Supplied records below:

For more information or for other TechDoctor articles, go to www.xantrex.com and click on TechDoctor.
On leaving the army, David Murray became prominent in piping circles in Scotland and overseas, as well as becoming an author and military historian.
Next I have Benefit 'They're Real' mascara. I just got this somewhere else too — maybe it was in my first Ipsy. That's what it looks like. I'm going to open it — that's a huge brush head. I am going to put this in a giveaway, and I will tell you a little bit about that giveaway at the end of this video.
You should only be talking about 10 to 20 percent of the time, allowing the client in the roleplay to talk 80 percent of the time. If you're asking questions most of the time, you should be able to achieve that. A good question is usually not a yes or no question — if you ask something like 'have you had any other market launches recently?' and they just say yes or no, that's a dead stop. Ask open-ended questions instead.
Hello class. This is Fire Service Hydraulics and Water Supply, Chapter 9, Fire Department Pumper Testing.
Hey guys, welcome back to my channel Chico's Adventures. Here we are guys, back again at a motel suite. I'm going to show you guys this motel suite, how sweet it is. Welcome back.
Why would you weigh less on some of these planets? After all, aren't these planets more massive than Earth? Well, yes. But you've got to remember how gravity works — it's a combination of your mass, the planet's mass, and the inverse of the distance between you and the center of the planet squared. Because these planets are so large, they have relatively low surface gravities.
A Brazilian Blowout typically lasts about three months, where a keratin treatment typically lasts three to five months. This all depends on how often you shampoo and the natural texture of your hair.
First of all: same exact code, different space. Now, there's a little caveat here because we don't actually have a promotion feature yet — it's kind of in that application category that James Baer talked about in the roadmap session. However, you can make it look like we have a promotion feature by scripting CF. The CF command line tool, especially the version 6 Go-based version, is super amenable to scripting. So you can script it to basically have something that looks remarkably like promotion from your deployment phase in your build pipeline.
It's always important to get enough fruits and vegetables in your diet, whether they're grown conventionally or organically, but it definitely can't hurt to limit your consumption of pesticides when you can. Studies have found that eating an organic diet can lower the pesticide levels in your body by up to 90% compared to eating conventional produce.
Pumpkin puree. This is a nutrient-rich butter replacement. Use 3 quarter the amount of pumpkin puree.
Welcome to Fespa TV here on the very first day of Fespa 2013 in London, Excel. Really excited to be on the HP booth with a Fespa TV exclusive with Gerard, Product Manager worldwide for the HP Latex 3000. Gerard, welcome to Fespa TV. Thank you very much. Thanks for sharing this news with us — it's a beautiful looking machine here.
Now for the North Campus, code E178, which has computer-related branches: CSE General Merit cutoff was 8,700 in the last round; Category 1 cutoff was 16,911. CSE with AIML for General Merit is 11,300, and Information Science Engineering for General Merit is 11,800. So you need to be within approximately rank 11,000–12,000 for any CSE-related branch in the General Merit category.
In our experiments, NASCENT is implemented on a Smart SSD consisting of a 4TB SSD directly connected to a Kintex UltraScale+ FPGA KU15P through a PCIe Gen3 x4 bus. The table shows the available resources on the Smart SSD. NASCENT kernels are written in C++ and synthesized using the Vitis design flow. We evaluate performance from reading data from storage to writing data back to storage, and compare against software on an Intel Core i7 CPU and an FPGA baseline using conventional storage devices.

End of Supplied records.

Write out exactly the lines that fall from the line with "On leaving the" to the line with "A Brazilian Blowout" in the records above, keeping both ends.

On leaving the army, David Murray became prominent in piping circles in Scotland and overseas, as well as becoming an author and military historian.
Next I have Benefit 'They're Real' mascara. I just got this somewhere else too — maybe it was in my first Ipsy. That's what it looks like. I'm going to open it — that's a huge brush head. I am going to put this in a giveaway, and I will tell you a little bit about that giveaway at the end of this video.
You should only be talking about 10 to 20 percent of the time, allowing the client in the roleplay to talk 80 percent of the time. If you're asking questions most of the time, you should be able to achieve that. A good question is usually not a yes or no question — if you ask something like 'have you had any other market launches recently?' and they just say yes or no, that's a dead stop. Ask open-ended questions instead.
Hello class. This is Fire Service Hydraulics and Water Supply, Chapter 9, Fire Department Pumper Testing.
Hey guys, welcome back to my channel Chico's Adventures. Here we are guys, back again at a motel suite. I'm going to show you guys this motel suite, how sweet it is. Welcome back.
Why would you weigh less on some of these planets? After all, aren't these planets more massive than Earth? Well, yes. But you've got to remember how gravity works — it's a combination of your mass, the planet's mass, and the inverse of the distance between you and the center of the planet squared. Because these planets are so large, they have relatively low surface gravities.
A Brazilian Blowout typically lasts about three months, where a keratin treatment typically lasts three to five months. This all depends on how often you shampoo and the natural texture of your hair.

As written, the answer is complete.